Determining your risk tolerance is an important step to take for ensuring you’re completely comfortable with your investments. You might also come across trade recommendations that are discussing options based on different risk tolerances.
While your risk tolerance will change according to your age, income requirements and financial goals, there is no fixed label for those who fit certain criteria. There are simply too many variables. For example, most people think that the younger you are, the more of a risk-taker you’ll be. They reason that the years ahead afford you the freedom to take more chances with your money. While this may be true in general, it is not a fixed rule, and determining your risk tolerance depends on several variables besides age.
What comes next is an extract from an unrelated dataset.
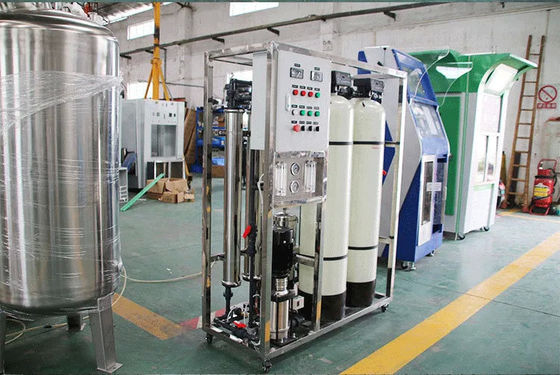 250L/H 1.7kW-380-415V 2xFRP 탱크 호박수 역오스모스식물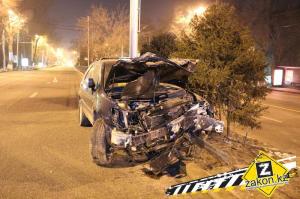 В Алматы водитель Lexus снес железное ограждение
So, how do you determine your risk tolerance? Consider the following before answering the question:
The first factor to determine is the actual length of the investment horizon. When will the funds be needed? Even a younger investor can have a short-term horizon if they’re trying to earn enough capital for a goal they hope to fulfill in the near future, such as buying a home. If the investment horizon is indeed short, the risk tolerance should shift toward being more conservative, regardless of the investor’s age. For long-term investments, there’s room for more aggressive investing.
If you’re an older investor, don’t fall into the trap of thinking that, just because you’re pushing 70, you need to move everything into conservative investments. This may be suitable advice for some, but it’s not recommended as a one-size-fits-all approach. For example, a retiree who has sufficient funds to live off the interest without touching the principal can safely invest in volatile stocks. Also, with today’s growing life expectancy, a 70-year-old investor may still have a 20-year investment horizon – or more! When determining your risk tolerance, be sure to consider your actual time horizon, irrespective of age.
An obvious factor of your risk tolerance is going to be how much money you have available to put into the market. What is your net worth? To find this number, simply add all your assets and subtract your liabilities. Risk capital is defined as the amount of money you have available to invest or trade that will not affect your lifestyle if it is fully lost. It is also referred to as liquid capital, meaning assets that can easily be converted to cash.
Naturally, an investor with a higher net worth will be able to take more risk. The smaller the percentage of your overall net worth the investment represents, the more aggressive the risk tolerance can be.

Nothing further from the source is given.